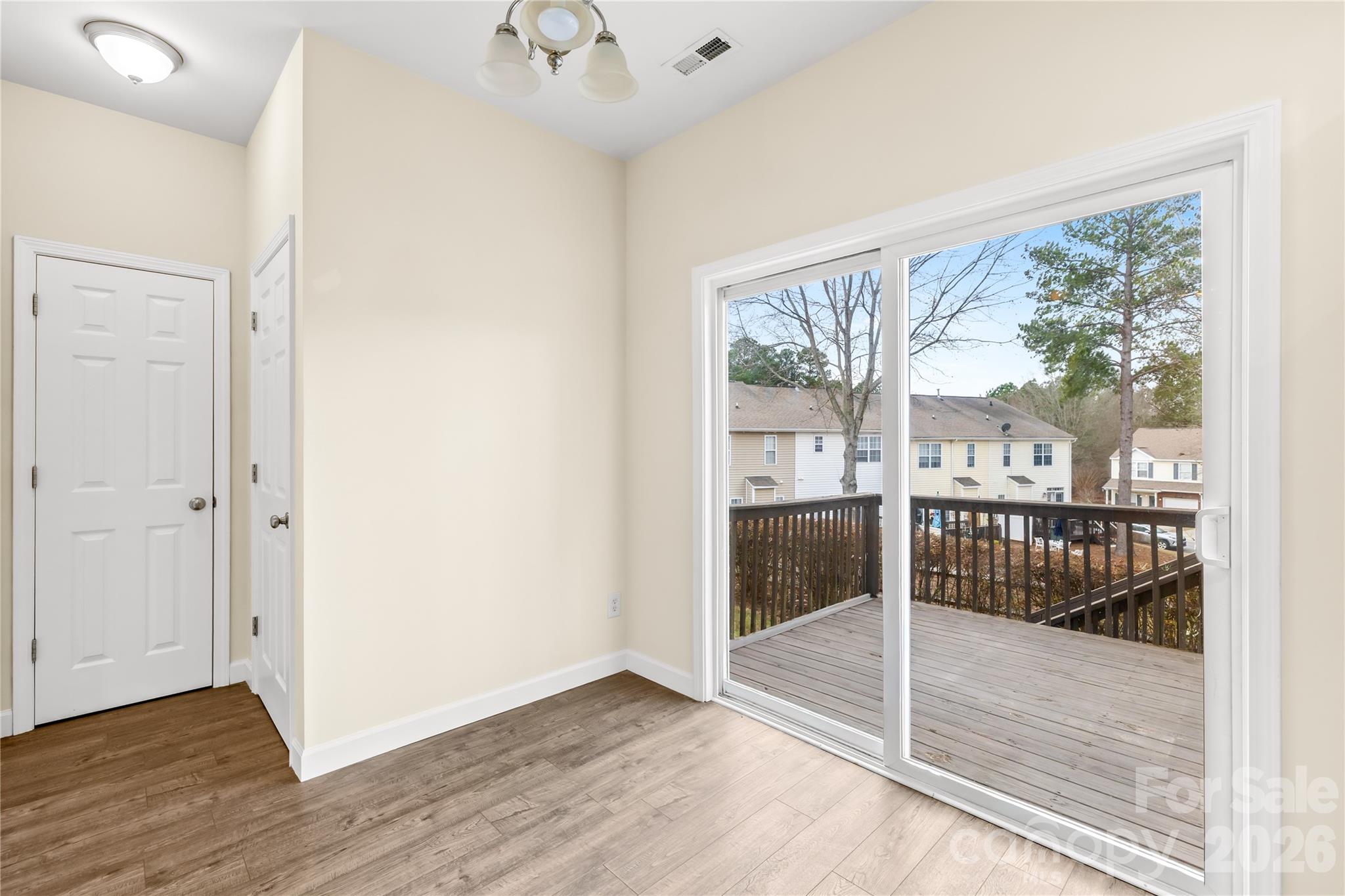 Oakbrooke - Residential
* * *
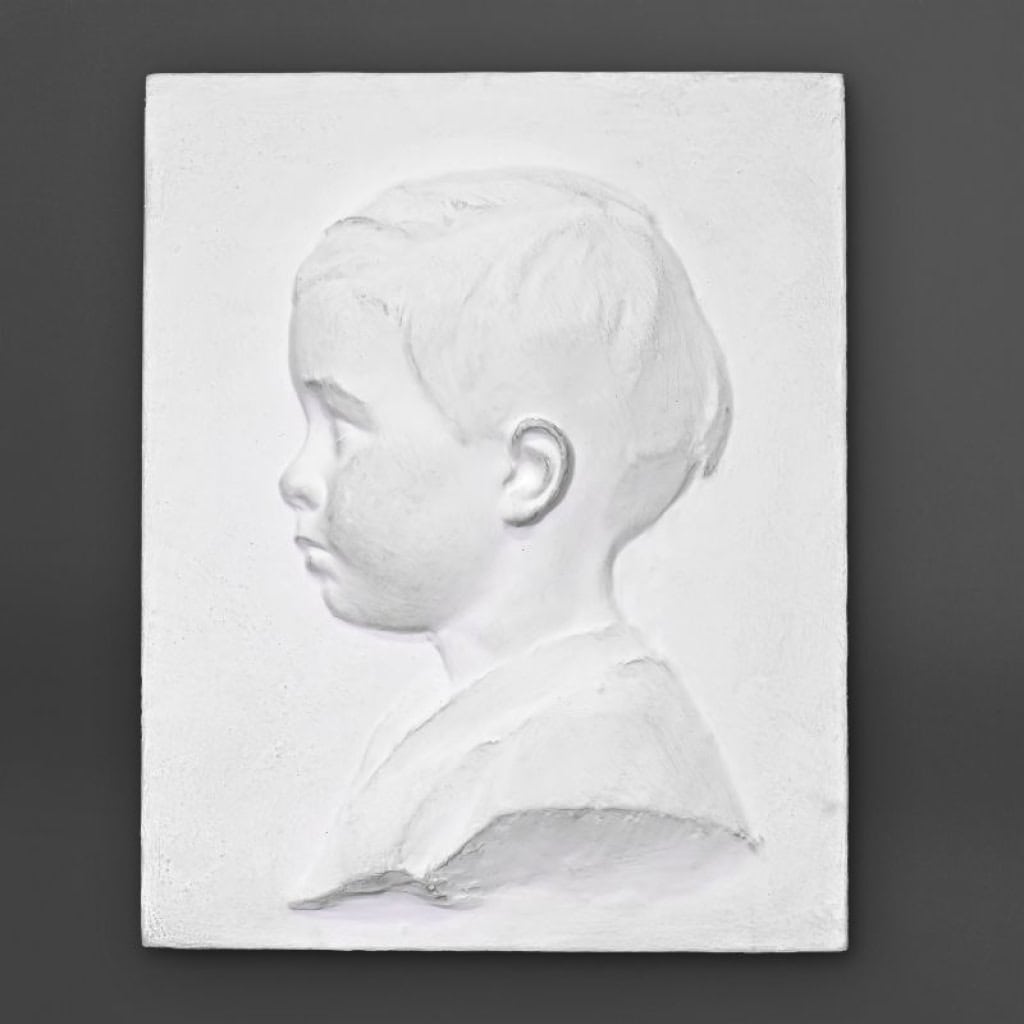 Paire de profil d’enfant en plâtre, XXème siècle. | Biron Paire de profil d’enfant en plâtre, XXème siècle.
...
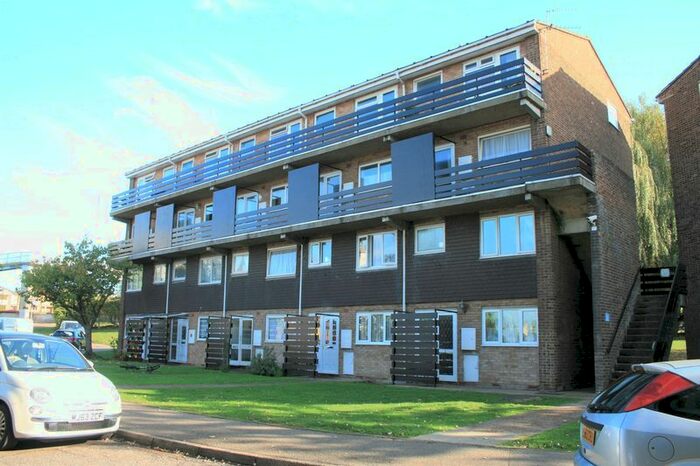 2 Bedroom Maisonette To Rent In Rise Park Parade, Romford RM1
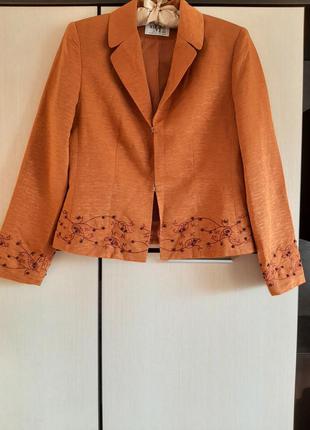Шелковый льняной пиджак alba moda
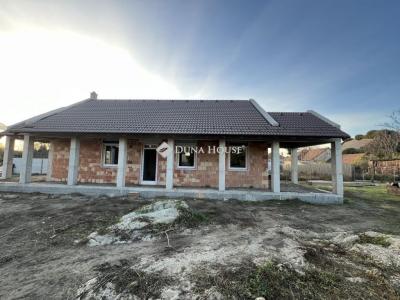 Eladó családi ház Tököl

**Exercise instructions**
Using the data above, output the line that has "Шелковый льняной пиджак alba moda", the line that has "Eladó családi ház Tököl", and whatever lines fall between, each exactly as it stands and without pictures.

**Exercise solution**
Шелковый льняной пиджак alba moda
 Eladó családi ház Tököl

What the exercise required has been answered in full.